##### Exercise data

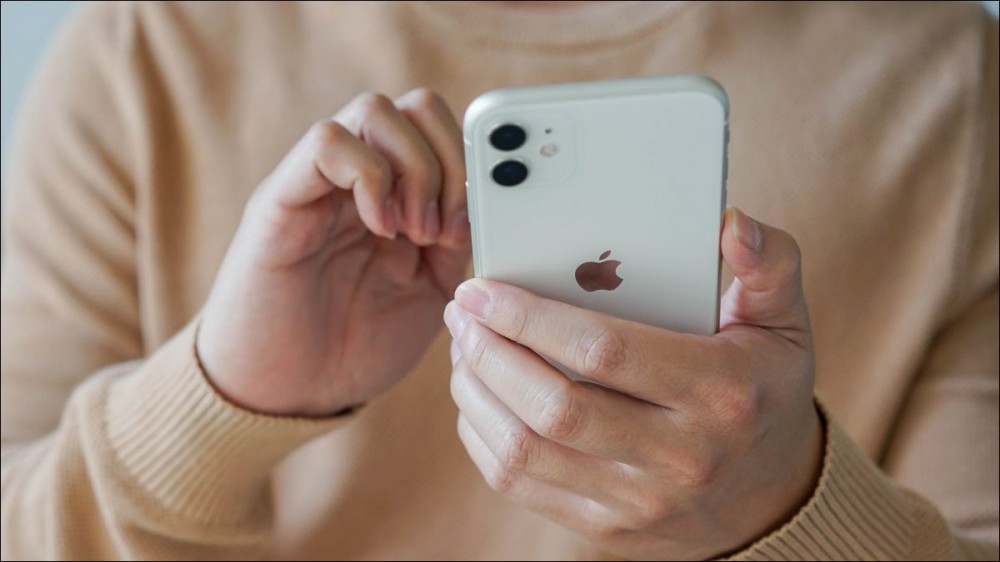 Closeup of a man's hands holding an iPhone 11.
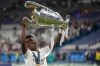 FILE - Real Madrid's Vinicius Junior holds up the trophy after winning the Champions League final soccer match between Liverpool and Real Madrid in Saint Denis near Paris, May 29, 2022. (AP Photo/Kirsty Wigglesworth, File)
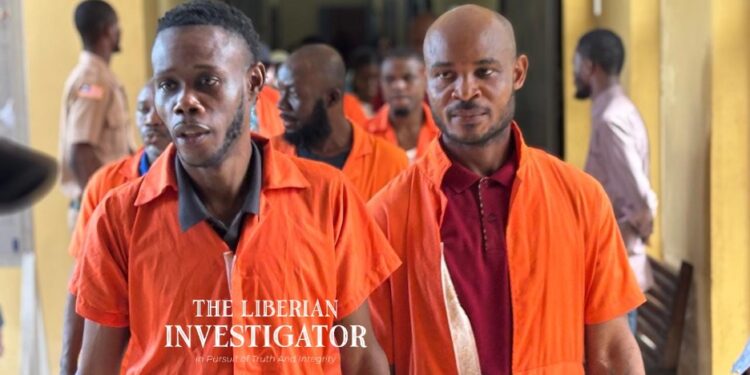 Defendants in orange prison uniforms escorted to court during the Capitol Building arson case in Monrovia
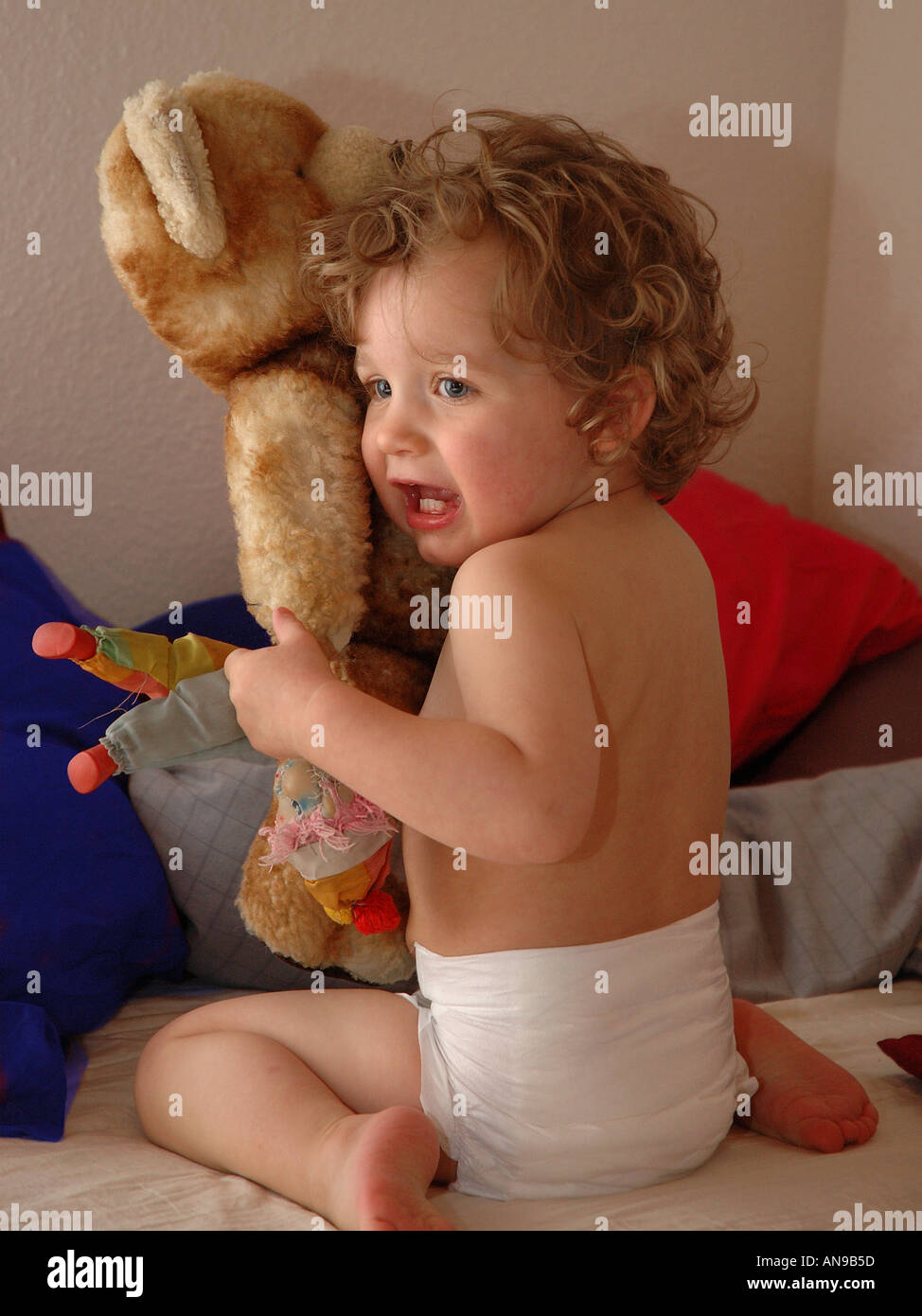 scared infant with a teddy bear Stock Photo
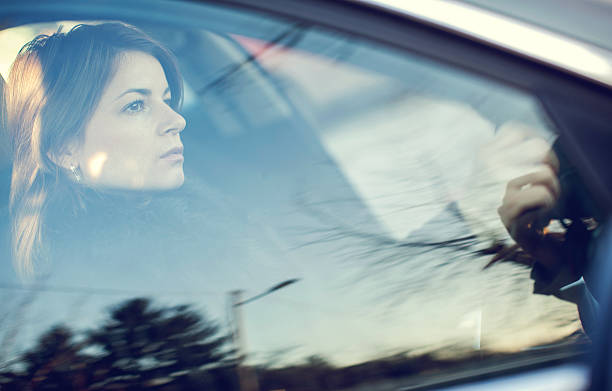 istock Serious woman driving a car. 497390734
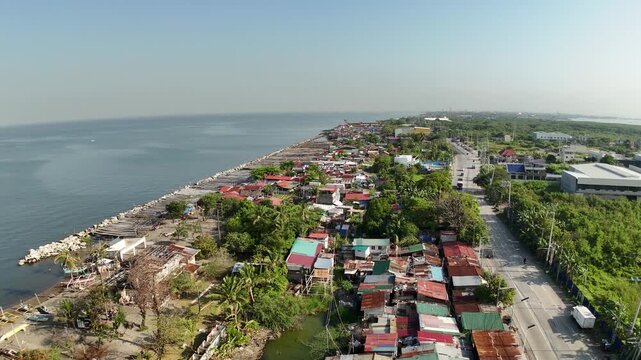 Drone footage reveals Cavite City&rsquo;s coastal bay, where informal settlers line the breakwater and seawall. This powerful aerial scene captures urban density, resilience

##########

**Work required:** All of the lines above should be copied exactly, apart from the pictures.

**Task solution:**
 Closeup of a man's hands holding an iPhone 11.
 FILE - Real Madrid's Vinicius Junior holds up the trophy after winning the Champions League final soccer match between Liverpool and Real Madrid in Saint Denis near Paris, May 29, 2022. (AP Photo/Kirsty Wigglesworth, File)
 Defendants in orange prison uniforms escorted to court during the Capitol Building arson case in Monrovia
 scared infant with a teddy bear Stock Photo
 istock Serious woman driving a car. 497390734
 Drone footage reveals Cavite City&rsquo;s coastal bay, where informal settlers line the breakwater and seawall. This powerful aerial scene captures urban density, resilience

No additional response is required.